This unit could be taught within a statistics unit at all curriculum levels to support students' understanding of why particular searching methods are faster than others.
Searching for a keyword, a value, or a specific piece of data (information) is the basis of many computing applications, whether it’s looking up a bank account balance, using an internet search engine, or searching for a file on your laptop. Computers deal with a lot of information so we need efficient algorithms for searching. This unit explores some common algorithms that are used to search for data on computers, with the opportunity to integrate this learning with statistics.
Because computers are often required to find information in collections of data that can be very, very large, using the right algorithm for searching is crucial! A key idea in computer science that we'll be illustrating with searching algorithms is just how fast an algorithm can be; students might think that if you're searching twice as much data then it should take twice as long, but we'll look at a way to search that takes almost the same amount of time to search 2 million items as it would for 1 million.

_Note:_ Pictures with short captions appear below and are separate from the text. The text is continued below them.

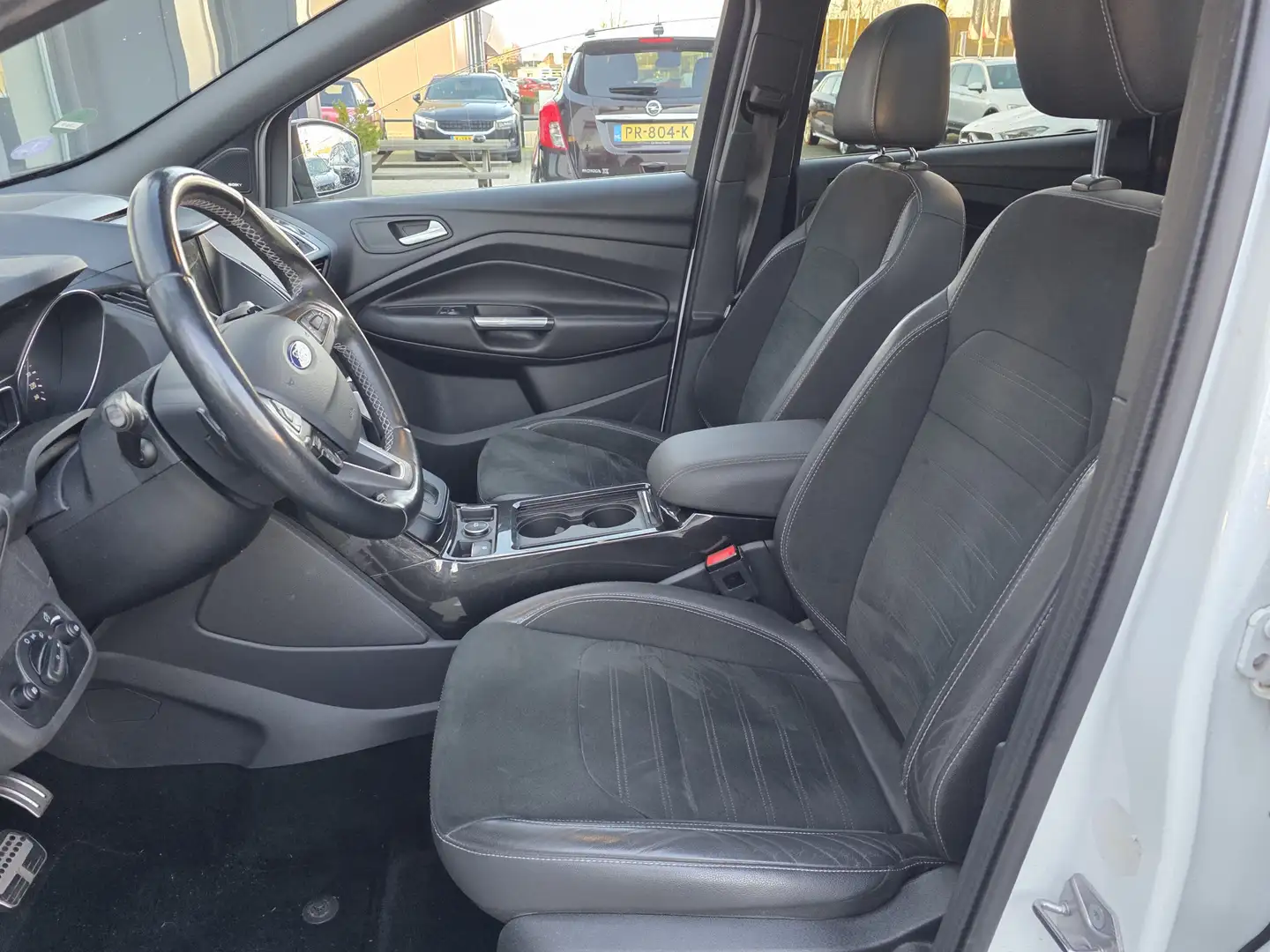 Ford Kuga 1.5 EcoBoost Vignale + ST-LINE + SONY SOUND + PANO Blanc - 2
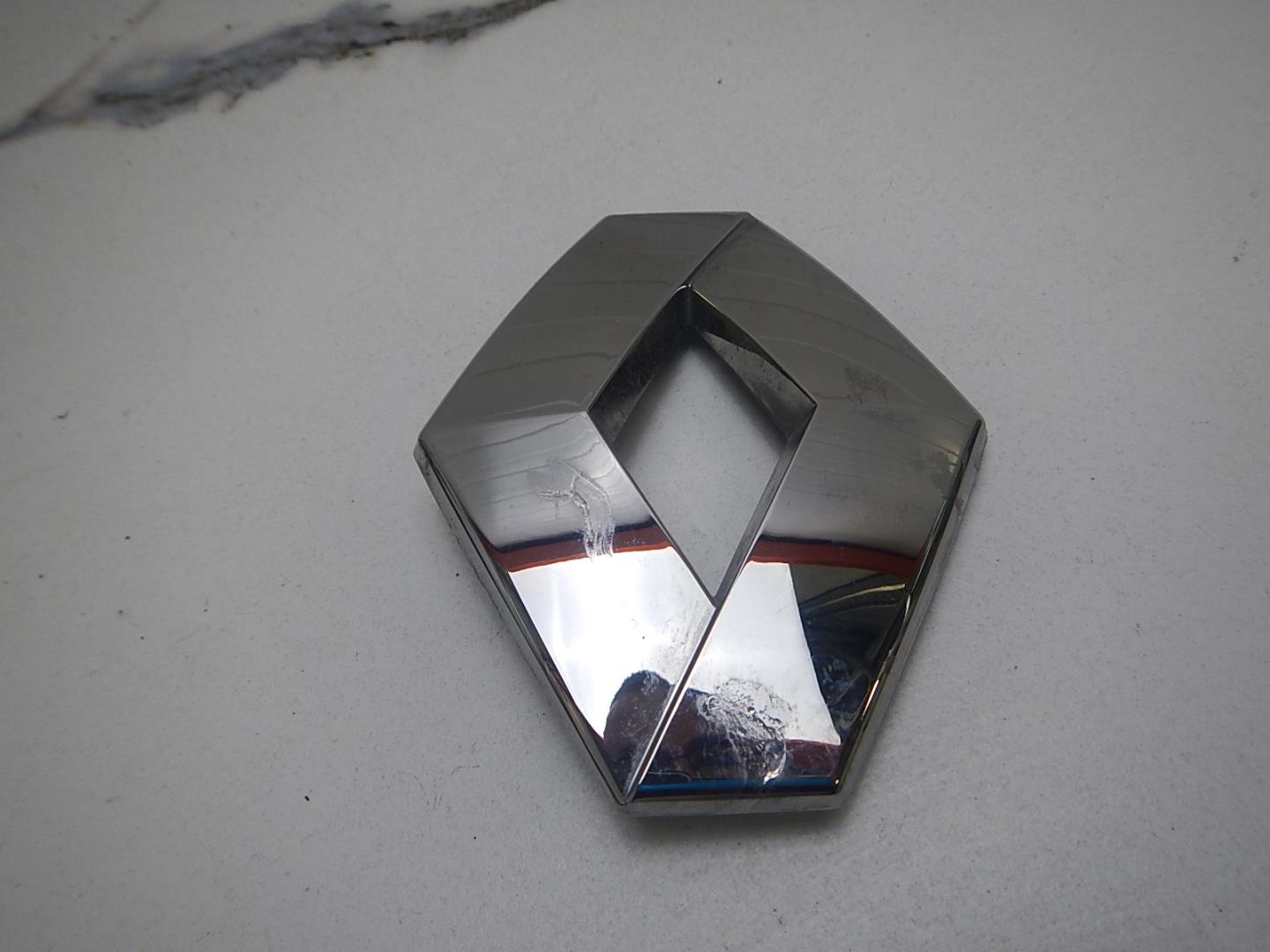 Эмблема на крышку багажника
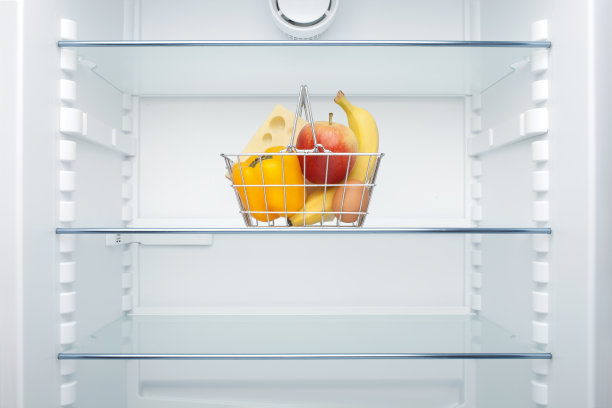 空冰箱里的超市篮子图片下载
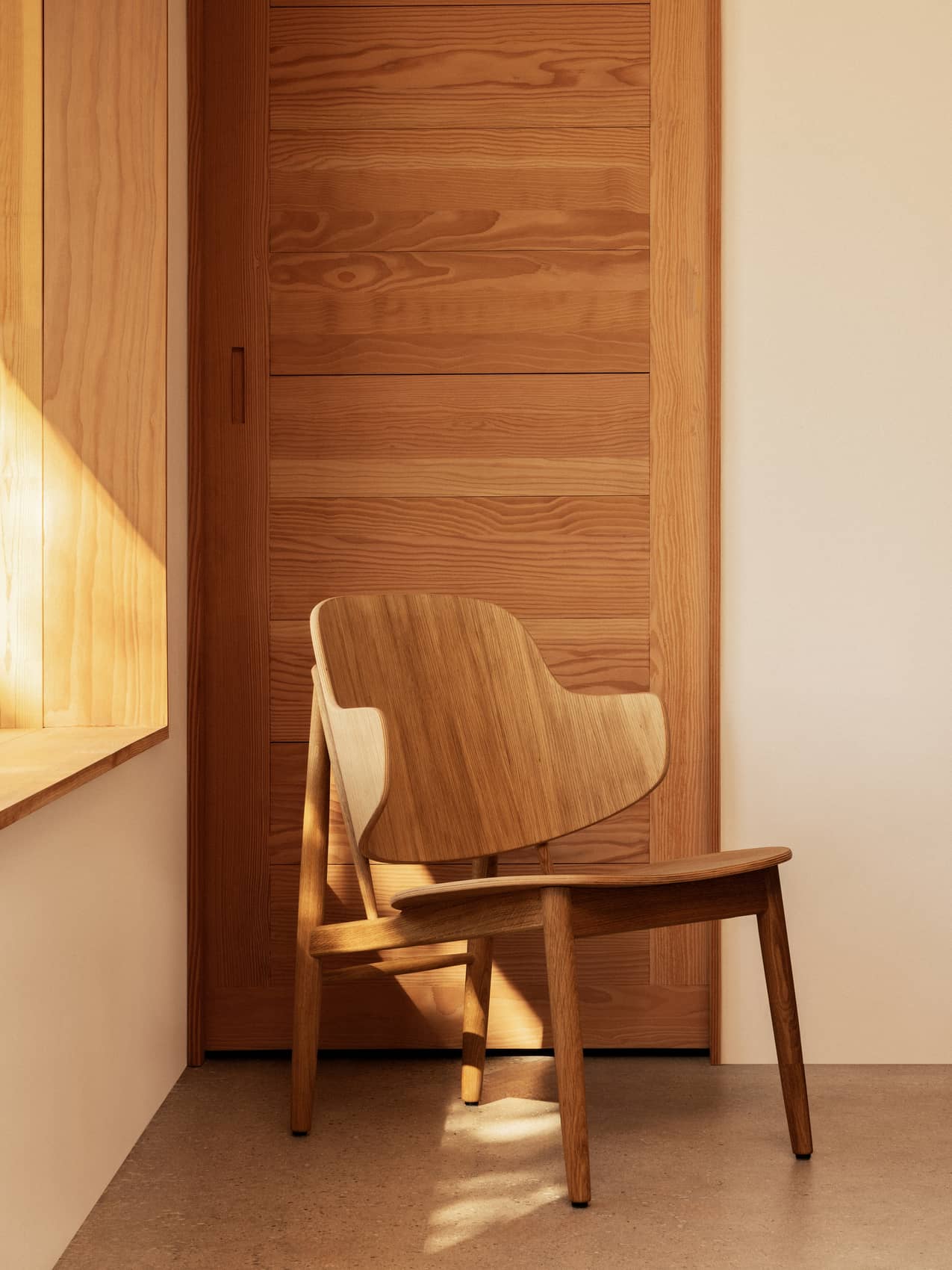 The Penguin Wooden Lounge Chair by Ib Kofod-Larsen | Audo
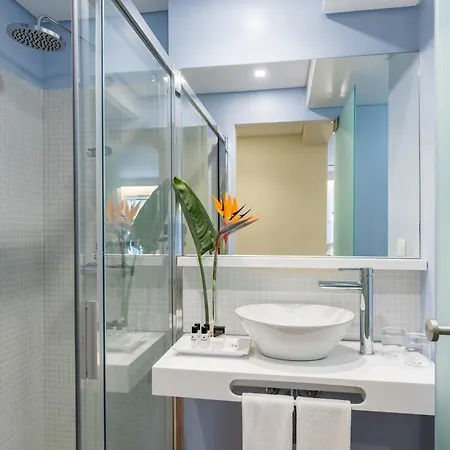 Pestana Churchill Bay 4* Camara de Lobos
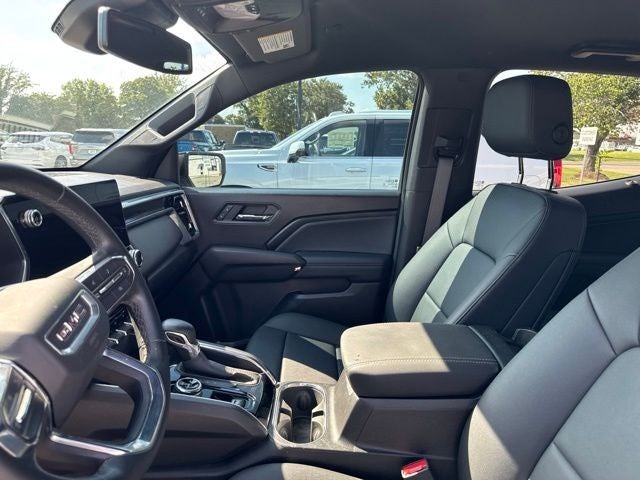 2025 GMC Canyon 4WD Crew Cab Elevation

We'll also look at the kind of steps that algorithms use to solve the important problem of searching data. When you’re telling a computer how to find exactly what you’re looking for you need to remember that computers are simple machines, they can only look at one piece of data at a time, and check if it is what you’re searching for. Imagine if every time a computer had to search for something, it had to compare every single piece of information it contained to the information it was searching for before it found what you were looking for? It would take a very long time to find what you wanted. That’s why computer scientists need to develop quick and efficient ways of doing this.
For computer scientists finding the right algorithm requires analysing the time taken and the amount of memory used. Some great discussion questions are:
Is it always useful to sort your data so you can complete a binary search? Let’s look at a word processor, you have 100 pages of text and want to find one word. Why wouldn’t the word processor sort your words into order to find the word you are looking for?
A consideration that computer scientists take into account is how many times are you likely to search for something. If it’s only once, then it isn’t worth the effort to sort and then find the item.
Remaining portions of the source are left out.